Наконец Льюин проглотил последний кусок, оттолкнул от себя тарелку, догадываясь, что делает это чересчур энергично, и улыбнулся Адель. Она с сочувствием улыбнулась ему в ответ.
— Спасибо вам, миссис Туллиан. Очень вкусно.
* * *
На сладкое (Джеймс не переносил выражение «на сладкое», а слово «десерт» произносил с ехидным звуком "э") было мороженое с ежевикой. Адель любила ежевику, потому что она доставалась бесплатно. И потому что эта ягода была непредсказуема: порой восхитительно сладкая, порой горькая. Ей нравились ее зернистость, подлинность. Она научила Сэма, как надо правильно ее собирать. Адель безошибочно догадывалась, что он согласился лишь из вежливости. Сэм не скрывал факт своего неверия в способность съедобных вещей произрастать на склонах холмов. Пока она не запихнула одну ягоду ему в рот и он не поднял брови от удивления. После этого он стал есть больше, чем класть в корзинку, несмотря на ее предостережения, и позже расплачиваться за непослушание. Стоял прекрасный день, холодный, но ясный; все было видно. Они гуляли по холмам, наслаждаясь птичьим щебетом. Сэм (впервые в жизни) увидел лягушку. Адель наткнулась на терновый куст, усыпанный запотевшими бархатистыми темными ягодами, очень крупными. Она дала одну из них Сэму, предупредив, что вкус будет совсем не таким, как у ежевики. Он задумчиво пожевал, сказал «хм» и вернулся к ежевике. Она согласилась, что вкус был несколько необычным.

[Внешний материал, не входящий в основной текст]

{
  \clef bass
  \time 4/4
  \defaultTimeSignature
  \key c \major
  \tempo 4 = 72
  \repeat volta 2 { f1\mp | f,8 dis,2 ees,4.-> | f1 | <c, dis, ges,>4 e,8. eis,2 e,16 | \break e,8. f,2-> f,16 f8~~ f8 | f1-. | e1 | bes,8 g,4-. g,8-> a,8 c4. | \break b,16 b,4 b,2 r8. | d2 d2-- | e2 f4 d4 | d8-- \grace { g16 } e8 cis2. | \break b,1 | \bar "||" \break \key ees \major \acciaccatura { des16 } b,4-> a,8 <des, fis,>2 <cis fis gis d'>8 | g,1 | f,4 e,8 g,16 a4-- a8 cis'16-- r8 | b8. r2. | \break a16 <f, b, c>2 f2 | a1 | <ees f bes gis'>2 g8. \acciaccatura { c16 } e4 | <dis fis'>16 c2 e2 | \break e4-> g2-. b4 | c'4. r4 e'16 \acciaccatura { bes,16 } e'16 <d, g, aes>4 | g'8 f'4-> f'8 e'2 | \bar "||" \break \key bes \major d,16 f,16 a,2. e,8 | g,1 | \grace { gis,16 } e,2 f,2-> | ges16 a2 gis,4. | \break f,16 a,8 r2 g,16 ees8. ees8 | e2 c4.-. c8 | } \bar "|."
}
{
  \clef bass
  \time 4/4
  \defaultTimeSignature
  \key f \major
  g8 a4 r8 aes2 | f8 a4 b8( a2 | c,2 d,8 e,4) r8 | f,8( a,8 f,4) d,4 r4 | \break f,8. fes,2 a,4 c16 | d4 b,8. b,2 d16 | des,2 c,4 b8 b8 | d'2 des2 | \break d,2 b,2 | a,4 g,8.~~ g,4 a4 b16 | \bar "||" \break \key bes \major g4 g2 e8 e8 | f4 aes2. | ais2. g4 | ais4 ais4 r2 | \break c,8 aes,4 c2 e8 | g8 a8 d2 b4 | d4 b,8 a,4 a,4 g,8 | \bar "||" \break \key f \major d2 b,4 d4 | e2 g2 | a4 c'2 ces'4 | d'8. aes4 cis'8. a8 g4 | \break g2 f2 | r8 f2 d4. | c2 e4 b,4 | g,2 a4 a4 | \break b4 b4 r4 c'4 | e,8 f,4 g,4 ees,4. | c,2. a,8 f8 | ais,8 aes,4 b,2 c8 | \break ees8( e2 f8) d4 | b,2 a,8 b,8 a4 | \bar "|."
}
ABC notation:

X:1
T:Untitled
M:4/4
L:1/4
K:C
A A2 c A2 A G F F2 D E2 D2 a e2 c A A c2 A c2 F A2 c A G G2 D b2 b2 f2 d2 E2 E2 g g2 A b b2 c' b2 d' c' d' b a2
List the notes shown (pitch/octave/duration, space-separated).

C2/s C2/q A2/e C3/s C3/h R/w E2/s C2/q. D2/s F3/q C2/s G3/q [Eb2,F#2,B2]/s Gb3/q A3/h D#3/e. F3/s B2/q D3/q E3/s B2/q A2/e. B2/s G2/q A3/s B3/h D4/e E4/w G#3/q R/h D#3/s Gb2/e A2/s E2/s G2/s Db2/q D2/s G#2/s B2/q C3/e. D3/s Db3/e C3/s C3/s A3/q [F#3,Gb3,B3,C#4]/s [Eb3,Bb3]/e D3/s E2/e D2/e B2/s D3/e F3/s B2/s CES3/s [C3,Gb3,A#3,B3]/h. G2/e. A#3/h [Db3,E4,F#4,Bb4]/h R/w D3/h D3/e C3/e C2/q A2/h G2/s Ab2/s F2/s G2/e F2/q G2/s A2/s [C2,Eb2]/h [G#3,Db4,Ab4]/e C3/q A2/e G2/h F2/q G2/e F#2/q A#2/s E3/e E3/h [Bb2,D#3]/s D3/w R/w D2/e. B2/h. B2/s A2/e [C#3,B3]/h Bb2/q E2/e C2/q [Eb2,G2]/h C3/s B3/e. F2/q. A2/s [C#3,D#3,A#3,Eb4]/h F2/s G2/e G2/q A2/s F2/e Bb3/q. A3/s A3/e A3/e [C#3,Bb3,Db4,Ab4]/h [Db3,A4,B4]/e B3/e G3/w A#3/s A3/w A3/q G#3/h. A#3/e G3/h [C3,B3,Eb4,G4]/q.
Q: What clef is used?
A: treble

Чтобы у Сэма больше не болел живот, она помыла ежевику и убрала ее в большую морозильную камеру, стоявшую в погребе. Адель понимала, что, размороженные, ягоды будут водянистыми, но хуже от этого не станут. Сэму, вероятно, понадобится неделя, чтобы справиться с ощущением, что природа его обманула.
И потом она про них забыла! Однажды она пошла за мороженым, порылась в морозильнике и обнаружила ягоды. Одна из корзинок перевернулась, и ей пришлось собирать ежевику со дна камеры. Ее посетила какая-то неожиданная мысль, но Сэм отвлек ее (закричал, что чайник вскипел), и мысль пропала. Немного постояв в замешательстве, она поставила корзинки на картонную коробку с мороженым и пошла назад, с большим трудом выключив по дороге свет.

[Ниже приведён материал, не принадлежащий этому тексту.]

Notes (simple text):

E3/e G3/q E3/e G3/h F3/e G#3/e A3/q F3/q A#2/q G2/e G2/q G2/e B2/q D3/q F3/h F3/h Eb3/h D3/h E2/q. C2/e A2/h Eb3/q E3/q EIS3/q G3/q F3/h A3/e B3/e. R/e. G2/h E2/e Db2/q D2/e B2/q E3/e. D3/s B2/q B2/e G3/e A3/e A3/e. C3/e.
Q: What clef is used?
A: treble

Перед едой она поставила все блюда на стол. Сэм больше налегал на мороженое, чем на ягоды.
Покончив с основным блюдом, Льюин явно почувствовал себя лучше. Нежный десерт ярких расцветок был умят мгновенно. Адель всегда нравился скрежет вилок, соскребающих остатки с тарелок. Сэм облизал свое блюдце — хотя одну из ягод оставил на краешке, — чему она была очень рада. Чертова домохозяйка и мамаша, накинулась она сама на себя, но все-таки ей нравилось кормить своих мужиков. Джеймс умел готовить (хотя делал это гораздо реже, чем ему казалось), но ему это не нравилось. Как правило, от этого он впадал в тоску. Однажды Джеймс разбил три тарелки, накладывая в них рис, который был плохо промыт и поэтому не стряхивался с ложки. Она всегда старалась преувеличенно благодарить его за усилия, издавать побольше дебильного чавканья, делать разные одобрительные замечания. Он же тупо и бесстыдно запихивал еду себе в глотку. В общем, не повар.